At the time that ancestors of Chinese people started living in communities along the Yellow River valley, the plantation of various kinds of grain laid the foundation for making wines and alcohol.

Some scholars believe that the technique of making Chinese liquor originated in the Xia Dynasty (c.2100 BC-c.1600 BC). Historical records list Yi Di and Du Kang as the founding fathers of making liquor professionally.

According to historical records, Yi Di made great efforts to make mellow wine with fermented glutinous rice. Du Kang, living in the Xia Dyanasty, is credited with making top-notch liquor with Chinese sorghum beans. According to historical legends, Du Kang stored some cooked Chinese sorghum seeds inside a hollow tree stump on a winter day. In the spring of the following year, a fragrant aroma wafted from the tree stump into the nostrils of Du Kang. Afterwards, Du Kang found that it was the fermented sorghum seeds which gave off the alluring fragrance. This accidental discovery gave rise to his inspiration of making liquor with fermented sorghum seeds.


There are a number of accounts in English which comment unfavorably on the taste of baijiu, comparing it with rubbing alcohol or diesel fuel. The author Tim Clissold, who writes frequently on China, noted that he'd 'never met anybody, even at the heights of alcoholic derangement, prepared to admit that they actually liked the taste', and that 'after drinking it, most people screw up their faces in an involuntary expression of pain and some even yell out.'


According to its fragrance, Baijiu can be classified into 6 different categories.
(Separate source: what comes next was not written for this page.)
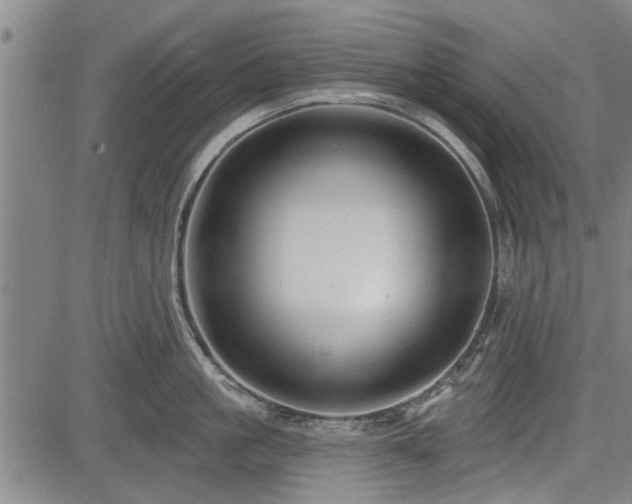 X0000083610861200702201248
'Sauce' fragrance: A highly fragrant distilled liquor of bold character. To the Western palate, sauce fragrance baijiu can be quite challenging. It has solvent and barnyard aromas, with the former, in combination with the ethanol in the liquor, imparting a sharp ammonia-like note. It has been described as stinky tofu crossed with grappa. To the initiated, it is quite delicious and is considered the perfect complement for fine preserved and pickled foods. This class is also referred to as 'Mao xiang', after the best known wine of this class, Maotai.
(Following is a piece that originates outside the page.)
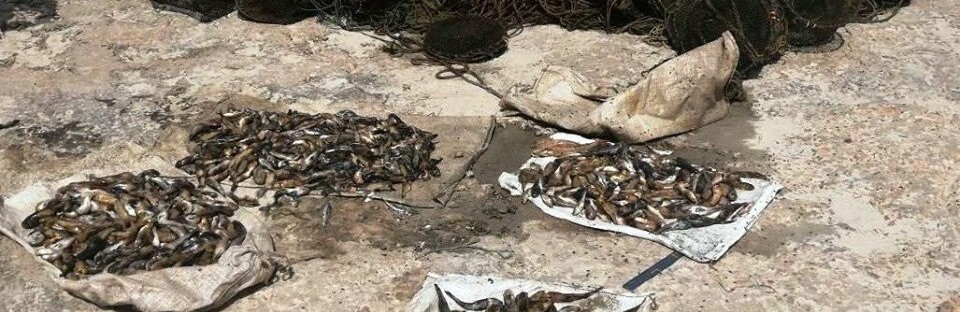  ���������� ������ ������� ��������� ��������� ����������� �������� ����� 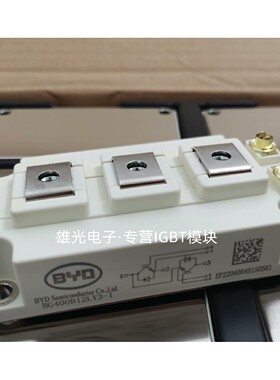 BG450B12LY4-I BG300B12UY4 BG300B12LY2 BG300B12UY2 400B12UY3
Heavy/thick fragrance: A class of distilled liquor that is sweet tasting, unctuous in texture, and mellow, with a gentle lasting fragrance contributed by the high levels of esters, primarily ethyl acetate. Most liquors of this class are made using Aspergillus type starters. Example of this type of liquor is Five Grains Liquid of Yibin.

Light fragrance: Delicate, dry, and light, with a delectable mellow and clean mouthfeel. The flavours of this distilled liquor is contributed primarily by ethyl acetate and ethyl lactate. An example of this kind of liquor is Fen jiu of Shanxi.

Rice fragrance: The character of this class of wine is exemplified by baijiu distilled from rice, such as Tri-Flower Liquor of Guilin. This type of wine has long history and is made using Rhizopus spp. type starters 'Small starter'. It has a clean mouthfeel and is slightly aromatic aroma, dominated by ethyl lactate with lesser flavour contributions by ethyl acetate.

Honey fragrance: A class of distilled liquor with the fragrance of honey. Liquors of this class are subtle in flavour and sweet in taste.

Layered fragrance: A class of distilled liquors that contain the characters of 'Sauce', Heavy, and Light fragrance distilled liquors. As such, liquors of this class vary widely in their aroma, mouthfeel, and dryness. An example of this type of liquor is Xifeng Jiu, produced in Fengxiang County of Shaanxi.